Piensas en tus padres, que ahorita ya están despiertos, preocupados por ti, en la “Tierra Todoparidora” –como le dices- de El Melón, el pueblo de tu infancia. Piensas en tus hijas, que adoras con tu hosco y complicado estilo. En lo que te falta por vivir. Deseas entonces, con todas tus fuerzas, despertar de esta pesadilla. Deseas en verdad que no te maten. Quisieras llorar, gritar, expresar con palabras esta desesperación que te inunda el pecho y se hace nudo en tu garganta. Quisieras que el destino de un disparo en falso junto a tu oreja sea el último acto de esta amenaza lúgubre…

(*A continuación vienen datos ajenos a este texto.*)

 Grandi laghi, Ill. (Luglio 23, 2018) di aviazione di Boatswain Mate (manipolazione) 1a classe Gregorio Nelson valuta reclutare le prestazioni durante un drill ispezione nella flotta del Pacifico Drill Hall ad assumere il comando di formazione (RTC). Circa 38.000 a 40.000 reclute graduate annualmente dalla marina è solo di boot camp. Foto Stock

Pero en un segundo sabes que ese ardor en la cabeza sólo puede ser el vuelo nada falso de la bala que te ha entrado por la nuca, desgarrándote los entresijos del cerebro y evaporando al instante toda esperanza, cerebro que concentra su pensamiento último en lo cálido que se siente en tus manos aquel borbotón escarlata que te sale con la bala por debajo del mentón, antes de que tu cuerpo desmayado caiga de frente para siempre en ese lodo que de seguro para ti continúa oliendo como a principios de mundo, pero que para todos nosotros se ha convertido en un símbolo funesto que no deja dormir y que huele a podrido.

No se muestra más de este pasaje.